Posted to reviews@mesos.apache.org by Niklas Nielsen <ni...@qni.dk> on 2015/06/01 22:15:52 UTC

Re: Review Request 29507: Added Configurable Slave Ping Timeouts

-----------------------------------------------------------
This is an automatically generated e-mail. To reply, visit:
https://reviews.apache.org/r/29507/#review86039
-----------------------------------------------------------


LGTM - Would it make sense to have sane min/max values for the timeouts/counts?

I wonder it would make sense to have a test to exercise an upgrade path (the timeout being different in the slaves, than in the master).

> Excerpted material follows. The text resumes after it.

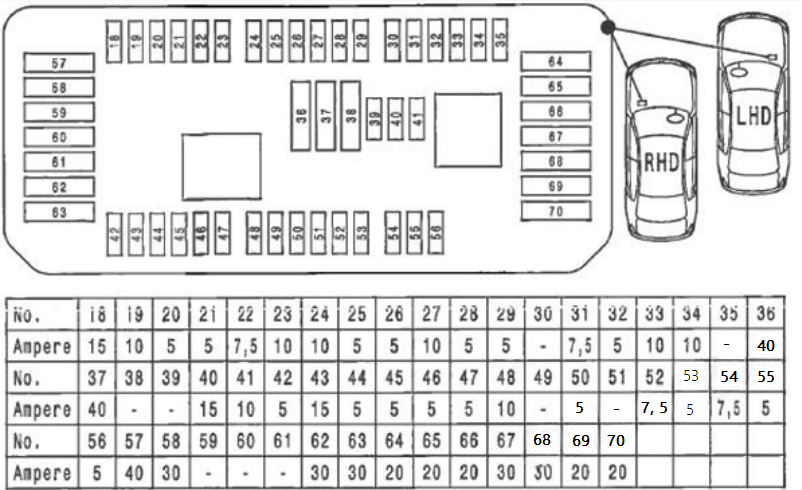 BMW-1-series-F20-F21-2012 - 2019-diagram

Maybe I missed that in your first test.


docs/configuration.md
<https://reviews.apache.org/r/29507/#comment137889>

    As this will be markdown, how about formatting max_slave_ping_timeouts in `` or as "--max_slave_ping_timeouts" ?



docs/upgrades.md
<https://reviews.apache.org/r/29507/#comment137891>

    You shouldn't need this line - look at line 9 :)



src/master/master.cpp
<https://reviews.apache.org/r/29507/#comment137899>

    You should be able to const this, right?
    
    Here and below



src/messages/messages.proto
<https://reviews.apache.org/r/29507/#comment137902>

    Why a zero default?



src/slave/slave.hpp
<https://reviews.apache.org/r/29507/#comment137903>

    We should Camel case here, right?



src/slave/slave.hpp
<https://reviews.apache.org/r/29507/#comment137904>

    Same here



src/slave/slave.cpp
<https://reviews.apache.org/r/29507/#comment137905>

    Camel case?



src/slave/slave.cpp
<https://reviews.apache.org/r/29507/#comment137906>

    If we removed the 0 default, we'd do:
    
    if (ping_timeout_seconds.isSome()) {
      // ...
    }
    
    Which seems a bit more logical to me :)



src/tests/partition_tests.cpp
<https://reviews.apache.org/r/29507/#comment137936>

    What do you think about commenting on why you chose these dividing factors (Why 3, Why 2? What will these do compared to the original timeouts?)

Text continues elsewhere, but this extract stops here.